= Diacope =

Repetition of a word or phrase with one or a few intervening words

Diacope (/daɪˈækəpi/ dy-AK-ə-pee) is a rhetorical term consisting of the repetition of a word or phrase separated up by a single intervening word or short phrase. It derives from a Greek word diakopḗ, which means "cut in two". Diacopes (or diacopae) are used for emphasis— specifically on the repeated phrase— and expressing strong emotions.

== Types of diacopes ==
There are three types of diacopes:

1. Vocative diacopes involve the intervening phrase being a noun of address; for example, "Yeah, baby, yeah" from Austin Powers (baby is vocative in this context).
2. Elaborative diacopes involve an explanatory word as part of the intervening phrase to enhance the repeated phrase's meaning; for example, the line "O Captain! My Captain!" from Walt Whitman's eponymous poem.
3. Extended Diacopes involve the repeated phrase being reiterated more than twice. While non-extended diacopes take on the form ABA, extended diacopes can use other variations; many of which use the AABA form as in Juliet's soliloquy in Romeo and Juliet: "O Romeo, Romeo! Wherefore art thou Romeo?"

== Rhetorical use ==
Diacope can be used to emphasize be placed on the repeated word.
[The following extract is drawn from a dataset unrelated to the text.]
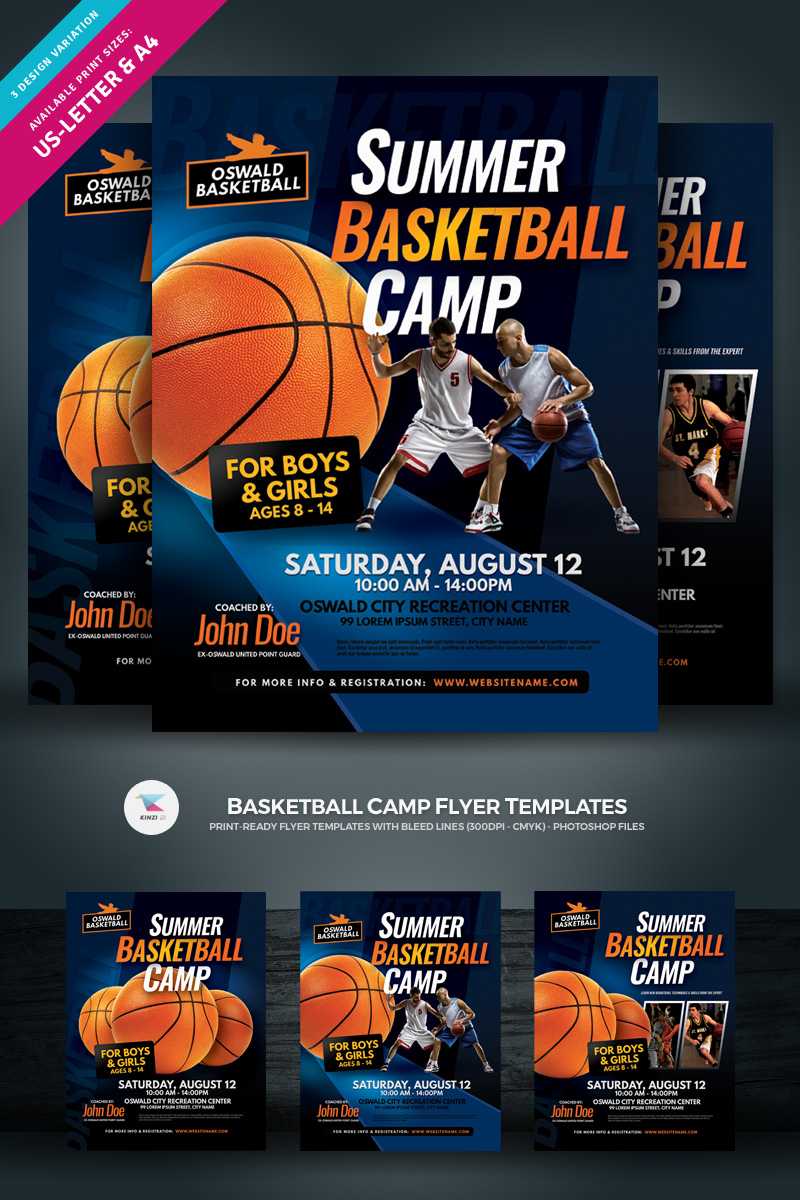 Basketball Camp Flyer Corporate Identity Template With Regard To Basketball Camp Brochure Template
Additionally, it can create strong emotional impact and sense of urgency or insistency, especially if the repeated word is emotionally impactful. For example, The Cardigans' "Lovefool's" chorus has an extended diacope— "Love me. Love me. Say that you love me—" which strengthens the listener's emotional resonance with the speaker and emphasizes the song's chorus as an increasingly-urgent plea. This can additionally be used for persuasion.'

Diacopes can also provide rhythm to the text.'

==Examples==
The following are examples of vocative diacopes:

- "I am dying, Egypt, dying" — Shakespeare, Antony and Cleopatra, Act IV, Scene 15.
- "The horror! Oh, the horror!"
- "Run, Forrest, run" — Forrest Gump
- "Burn baby burn" — "Disco Inferno"

The following are examples of elaborative diacopes:

- "Bond. James Bond." — James Bond
- "Put out the light, and then put out the light." — Shakespeare, Othello, Act V, scene 2.
- "In times like these, it helps to recall that there have always been times like these." — Paul Harvey (also an example of an epanalepsis).
- "You think you own whatever land you land on" — Second verse from the song "Colors of the Wind" from the movie Pocahontas

The following are examples of extended diacopes:
- "A horse! a horse! my kingdom for a horse! — Shakespeare, Richard III
- "And we loved with a love that was more than love—I and my Annabel Lee" — Edgar Allan Poe, Annabel Lee
- "Free at last. Free at last. Thank God almighty we are free at last" — Martin Luther King, Jr.
- "I'm thirsty, I'm thirsty! Oh, God, I'm thirsty! Oh I'm thirsty! Oh I'm thirsty! I'm thirsty! Oh, Oh, Oh, I'm thirsty!" — "The Crucifixion," Jesus Christ Superstar (this could be considered in the form AABABABAABA or alternatively as multiple diacopes)
- "Keeps going and going and going." — Energizer slogan
Leo Marks's poem "The Life That I Have", memorably used in the film Odette, is an extended example of diacope:
 The life that I have
 Is all that I have
 And the life that I have
 Is yours.

 The love that I have
 Of the life that I have
 Is yours and yours and yours.

 A sleep I shall have
 A rest I shall have
 Yet death will be but a pause.

 For the peace of my years
 In the long green grass
 Will be yours and yours and yours.

The first line in the poem not to deploy diacope is the one about death being "a pause."